Giles Peaker is a solicitor and partner in the Housing and Public Law team at Anthony Gold Solicitors in South London. You can find him on Linkedin and on Bluesky. (No longer on Twitter). Known as NL round these parts.

4 Comments

  1. Andy Lane

    Not too surprising perhaps if Affinity had waived the right to insist upon a written notice but I don’t know the precise basis upon which that finding was made. He would be a trespasser if the notice to quit was not “struck down” but I suspect that Affinity could be estopped from treating him as anything other than an assured tenant: Daejan Properties Ltd-v-Mahoney [1996] 28 HLR 498 @ 506-7 per Lord Bingham.

    Reply
  2. Geoff Ingarfield

    It seems to me that Colin Cooper became the Assured Tenant on the death of his father. When there is an LSVT of stock from Council to Housing Association, the tenancies cease to be secure, because the the landlord has changed and the landlord condition under the 1985 Housing Act is no longer met.

    The tenancies are Assured, meaning that the statutory right of succession is limited to spouse only. Everything then depends on what has been included in the new Assured Tenancy agreement. Affinity included contractual right of succession to any family member, subject to residential qualification, which criteria Colin Copper seems to have met. Their clause requiring Colin Cooper to ‘apply’ for succession seems to me meaningless, and open to legal challenge, as the contractual right here is Mr Cooper Senior’s right to pass the tenancy to a family member.

    There’s either a Succession right, or there is not. It seems at least to me that there is a clear Succession right here, and the tenancy passsed to Colin Cooper on his father’s death. Eviction would certainly be disproportionate, but surely there is no need for reference to Article 8 here?

    Reply
  3. Richard Paris

    I think the son Colin Cooper has succeeded to the assured tenancy of his father. I also think that Affinity Sutton (in common with many other LSVT associations) are increasingly trying to renegade on the promises made in ‘offer documents’ to former council tenants and to the generous additional contractual succession rights. Why might this be so?

    I further find it worrying that a registered provider would behave in such a reprehensible manner considering Colin Cooper’s obvious vulnerability and age and length of residence in his father’s home which it seems they were well aware of! The question is what (if anything) a ‘light touch’ regulator – the HCA – will do? Being made homeless with his apparent vulnerability surely constitutes ‘serious detriment’ or will Affinity Sutton’s tenant scrutiny panel ask questions?

    Reply
    • NL

      Richard,

      I’m afraid that whether you think Mr Copper succeeded is not really determinative. That was up to the Court.

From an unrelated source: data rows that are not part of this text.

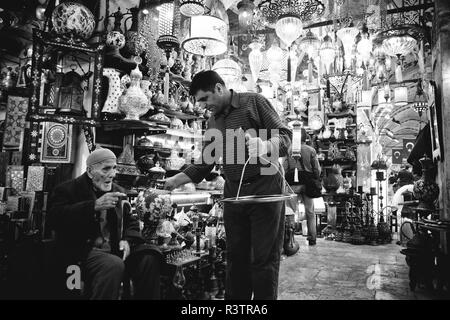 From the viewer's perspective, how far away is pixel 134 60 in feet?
12.1

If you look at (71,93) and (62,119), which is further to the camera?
(71,93)

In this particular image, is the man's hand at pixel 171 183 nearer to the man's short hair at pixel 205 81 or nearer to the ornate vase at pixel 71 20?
the man's short hair at pixel 205 81

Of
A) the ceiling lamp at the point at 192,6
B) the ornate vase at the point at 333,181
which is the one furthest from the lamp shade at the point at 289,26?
the ornate vase at the point at 333,181

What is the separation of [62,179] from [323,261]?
3522 millimetres

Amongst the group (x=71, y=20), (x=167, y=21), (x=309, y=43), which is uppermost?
(x=309, y=43)

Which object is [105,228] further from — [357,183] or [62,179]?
[357,183]

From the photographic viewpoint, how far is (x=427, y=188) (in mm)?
3531

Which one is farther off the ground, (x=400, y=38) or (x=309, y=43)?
(x=309, y=43)

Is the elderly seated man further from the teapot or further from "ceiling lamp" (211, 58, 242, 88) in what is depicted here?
"ceiling lamp" (211, 58, 242, 88)

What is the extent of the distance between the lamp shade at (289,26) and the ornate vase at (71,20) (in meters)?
2.26

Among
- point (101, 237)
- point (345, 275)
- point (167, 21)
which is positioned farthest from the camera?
point (167, 21)

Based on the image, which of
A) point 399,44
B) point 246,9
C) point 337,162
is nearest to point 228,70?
point 246,9

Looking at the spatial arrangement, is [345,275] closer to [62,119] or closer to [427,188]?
[427,188]

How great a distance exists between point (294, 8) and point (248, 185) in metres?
2.87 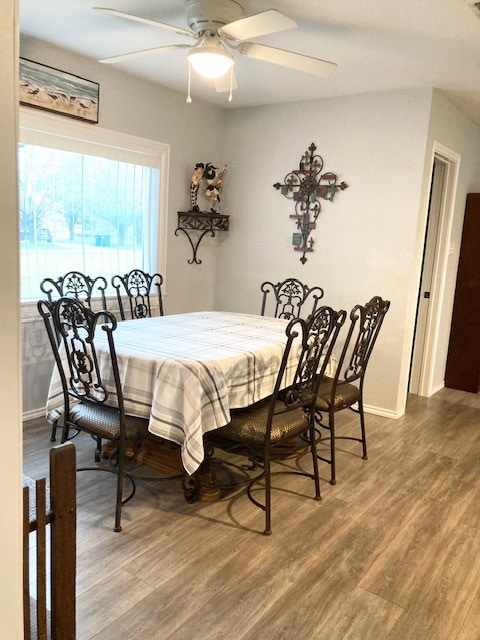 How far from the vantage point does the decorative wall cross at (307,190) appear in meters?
4.22

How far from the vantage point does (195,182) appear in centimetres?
447

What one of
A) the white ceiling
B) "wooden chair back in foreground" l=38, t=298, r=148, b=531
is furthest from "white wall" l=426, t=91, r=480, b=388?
"wooden chair back in foreground" l=38, t=298, r=148, b=531

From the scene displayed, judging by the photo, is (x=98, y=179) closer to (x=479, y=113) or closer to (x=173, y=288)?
(x=173, y=288)

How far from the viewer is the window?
3408 mm

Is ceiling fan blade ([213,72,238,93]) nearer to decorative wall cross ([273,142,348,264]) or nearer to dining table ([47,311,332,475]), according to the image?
decorative wall cross ([273,142,348,264])

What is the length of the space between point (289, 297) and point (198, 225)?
1.10 metres

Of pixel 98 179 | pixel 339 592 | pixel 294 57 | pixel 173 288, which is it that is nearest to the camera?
pixel 339 592

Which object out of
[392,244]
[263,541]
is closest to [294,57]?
[392,244]

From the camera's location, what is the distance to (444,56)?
3.04 meters

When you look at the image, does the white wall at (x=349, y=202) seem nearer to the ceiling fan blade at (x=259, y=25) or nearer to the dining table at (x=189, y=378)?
the dining table at (x=189, y=378)

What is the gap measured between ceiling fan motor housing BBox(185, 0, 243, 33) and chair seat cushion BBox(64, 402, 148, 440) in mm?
1984

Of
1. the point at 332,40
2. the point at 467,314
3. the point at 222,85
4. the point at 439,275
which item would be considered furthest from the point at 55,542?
the point at 467,314

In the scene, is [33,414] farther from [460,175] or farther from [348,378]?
[460,175]

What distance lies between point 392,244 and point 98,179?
91.0 inches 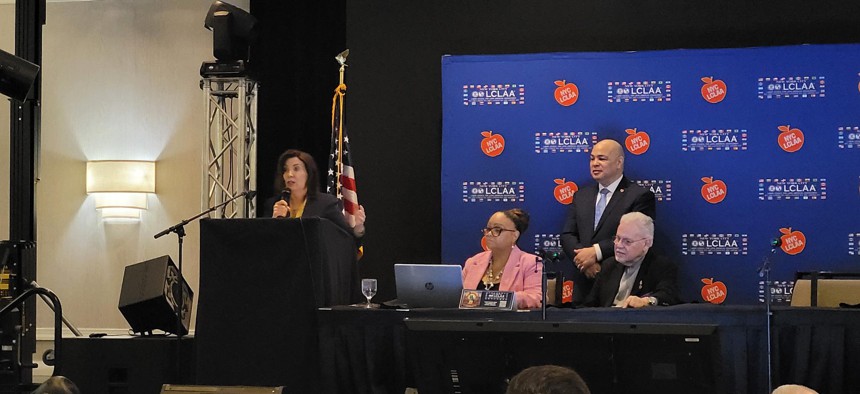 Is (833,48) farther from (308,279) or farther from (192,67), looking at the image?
(192,67)

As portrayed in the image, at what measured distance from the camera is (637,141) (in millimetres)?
6672

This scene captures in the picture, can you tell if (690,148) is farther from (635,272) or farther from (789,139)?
(635,272)

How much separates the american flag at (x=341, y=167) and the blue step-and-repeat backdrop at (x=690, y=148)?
0.60m

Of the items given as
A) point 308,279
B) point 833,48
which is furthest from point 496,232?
point 833,48

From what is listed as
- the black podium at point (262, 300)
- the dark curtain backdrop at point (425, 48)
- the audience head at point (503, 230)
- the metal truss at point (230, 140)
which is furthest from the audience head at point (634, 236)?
the metal truss at point (230, 140)

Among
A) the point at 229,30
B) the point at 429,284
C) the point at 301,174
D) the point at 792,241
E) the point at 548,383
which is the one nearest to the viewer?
the point at 548,383

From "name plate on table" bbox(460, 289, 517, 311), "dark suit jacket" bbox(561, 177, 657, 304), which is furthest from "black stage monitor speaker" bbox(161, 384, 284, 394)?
"dark suit jacket" bbox(561, 177, 657, 304)

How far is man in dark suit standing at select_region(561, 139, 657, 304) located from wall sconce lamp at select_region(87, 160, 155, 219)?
11.2 ft

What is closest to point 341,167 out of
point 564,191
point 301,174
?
point 301,174

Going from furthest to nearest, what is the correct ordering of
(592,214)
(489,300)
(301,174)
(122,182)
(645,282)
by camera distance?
(122,182), (592,214), (301,174), (645,282), (489,300)

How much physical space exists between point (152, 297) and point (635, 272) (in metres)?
2.26

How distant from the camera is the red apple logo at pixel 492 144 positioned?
6.85 meters

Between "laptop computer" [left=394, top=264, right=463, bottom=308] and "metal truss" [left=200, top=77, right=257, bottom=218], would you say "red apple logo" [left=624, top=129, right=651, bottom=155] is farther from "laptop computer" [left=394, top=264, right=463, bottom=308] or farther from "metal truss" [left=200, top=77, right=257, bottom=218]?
"metal truss" [left=200, top=77, right=257, bottom=218]

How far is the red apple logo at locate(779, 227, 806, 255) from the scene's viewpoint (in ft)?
21.3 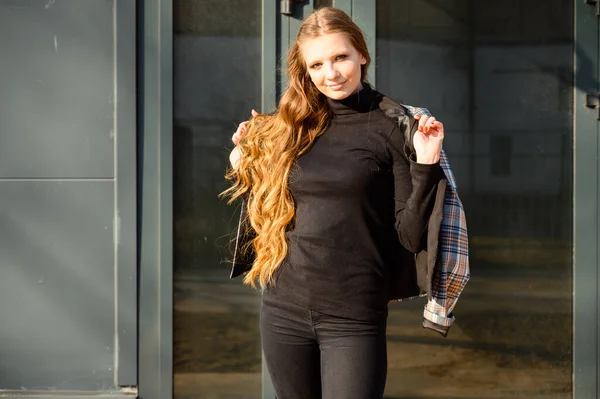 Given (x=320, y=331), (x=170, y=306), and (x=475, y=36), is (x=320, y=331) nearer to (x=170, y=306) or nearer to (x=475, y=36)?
(x=170, y=306)

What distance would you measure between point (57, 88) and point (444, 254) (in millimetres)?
2292

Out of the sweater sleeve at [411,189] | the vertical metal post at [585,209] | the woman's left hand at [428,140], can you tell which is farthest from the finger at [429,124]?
the vertical metal post at [585,209]

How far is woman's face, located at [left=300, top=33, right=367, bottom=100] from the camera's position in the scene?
253 cm

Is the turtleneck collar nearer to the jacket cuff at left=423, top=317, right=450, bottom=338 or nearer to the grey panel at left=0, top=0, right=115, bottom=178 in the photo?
the jacket cuff at left=423, top=317, right=450, bottom=338

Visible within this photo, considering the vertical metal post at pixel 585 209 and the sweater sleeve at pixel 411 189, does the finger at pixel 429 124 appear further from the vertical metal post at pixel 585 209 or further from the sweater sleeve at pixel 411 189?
the vertical metal post at pixel 585 209

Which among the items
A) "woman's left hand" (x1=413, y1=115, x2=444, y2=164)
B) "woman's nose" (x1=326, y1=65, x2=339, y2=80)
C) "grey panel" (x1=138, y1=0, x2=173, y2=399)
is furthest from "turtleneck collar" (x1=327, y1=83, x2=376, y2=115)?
"grey panel" (x1=138, y1=0, x2=173, y2=399)

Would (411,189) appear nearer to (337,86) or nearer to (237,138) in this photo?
(337,86)

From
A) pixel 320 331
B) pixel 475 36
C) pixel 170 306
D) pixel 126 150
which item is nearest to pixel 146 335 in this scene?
pixel 170 306

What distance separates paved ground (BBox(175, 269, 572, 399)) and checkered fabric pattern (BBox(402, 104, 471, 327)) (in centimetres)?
153

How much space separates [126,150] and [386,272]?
1.85 metres

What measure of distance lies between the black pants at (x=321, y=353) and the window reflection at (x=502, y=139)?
1.56 m

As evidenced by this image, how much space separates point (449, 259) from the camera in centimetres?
253

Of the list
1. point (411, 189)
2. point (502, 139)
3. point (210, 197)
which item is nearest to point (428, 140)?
point (411, 189)

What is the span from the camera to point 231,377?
413 centimetres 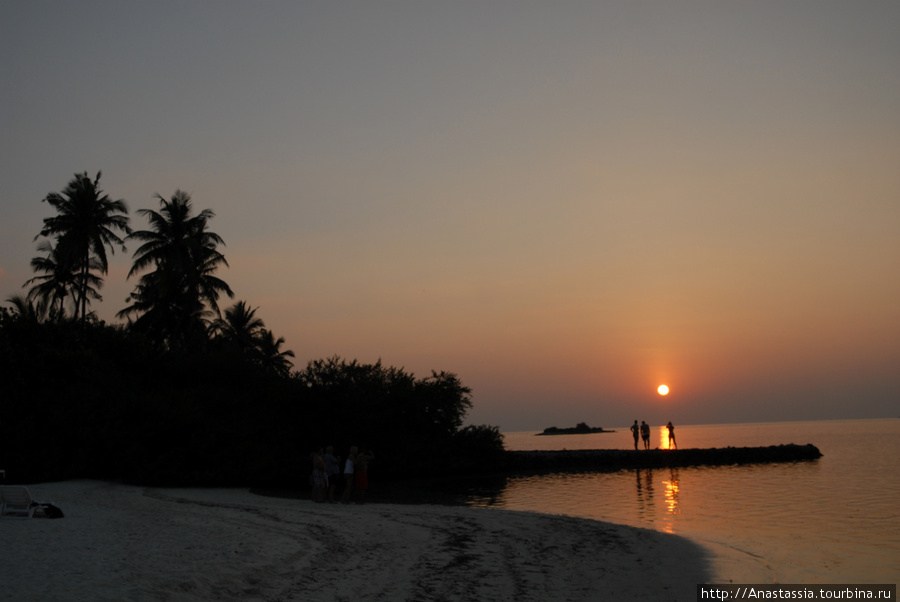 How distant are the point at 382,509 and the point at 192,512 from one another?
5253 mm

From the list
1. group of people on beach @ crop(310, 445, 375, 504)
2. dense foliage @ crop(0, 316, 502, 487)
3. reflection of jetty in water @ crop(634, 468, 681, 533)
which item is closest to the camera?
reflection of jetty in water @ crop(634, 468, 681, 533)

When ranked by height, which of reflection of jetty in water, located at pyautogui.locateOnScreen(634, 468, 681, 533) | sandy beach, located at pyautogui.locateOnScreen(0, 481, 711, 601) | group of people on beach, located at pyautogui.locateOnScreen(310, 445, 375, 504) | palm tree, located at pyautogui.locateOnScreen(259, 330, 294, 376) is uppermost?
palm tree, located at pyautogui.locateOnScreen(259, 330, 294, 376)

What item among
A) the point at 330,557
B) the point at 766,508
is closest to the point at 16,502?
the point at 330,557

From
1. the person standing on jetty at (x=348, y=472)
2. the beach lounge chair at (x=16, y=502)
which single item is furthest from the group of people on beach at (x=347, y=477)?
the beach lounge chair at (x=16, y=502)

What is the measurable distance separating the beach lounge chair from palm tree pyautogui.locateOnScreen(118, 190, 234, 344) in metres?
29.6

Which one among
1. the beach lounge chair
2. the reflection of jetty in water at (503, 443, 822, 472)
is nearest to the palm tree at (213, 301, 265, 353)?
the reflection of jetty in water at (503, 443, 822, 472)

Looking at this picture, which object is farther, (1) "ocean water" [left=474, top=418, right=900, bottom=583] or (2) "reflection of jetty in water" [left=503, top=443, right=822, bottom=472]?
(2) "reflection of jetty in water" [left=503, top=443, right=822, bottom=472]

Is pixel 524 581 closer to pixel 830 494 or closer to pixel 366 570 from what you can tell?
pixel 366 570

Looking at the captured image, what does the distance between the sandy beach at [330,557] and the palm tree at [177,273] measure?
2652cm

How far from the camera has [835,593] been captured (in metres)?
11.4

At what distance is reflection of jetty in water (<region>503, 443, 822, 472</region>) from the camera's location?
47781 millimetres

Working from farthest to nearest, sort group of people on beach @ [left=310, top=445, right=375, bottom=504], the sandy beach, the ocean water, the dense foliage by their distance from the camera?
the dense foliage, group of people on beach @ [left=310, top=445, right=375, bottom=504], the ocean water, the sandy beach

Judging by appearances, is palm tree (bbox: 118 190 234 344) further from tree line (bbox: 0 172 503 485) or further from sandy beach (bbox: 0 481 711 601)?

      It was a contractual term, not a statutory provision, so no succession by operation of law. The issue was whether the contractual term had been complied with or, if not, whether that failure was sufficient to make it proportionate for Affinity to evict. In these circumstances, the answer was no. It was because, at least in part, Affinity had behaved badly in not asking Mr Cooper to make a written request when they knew he wished to succeed under the tenancy agreement, then seeking to rely on the lack of written request.

      Whether there is a general move to try to avoid the effects of contractual succession terms by Housing Associations holding stock transfers, I couldn’t say. I don’t know if there is evidence that this is so. If you have proper evidence, do let us know.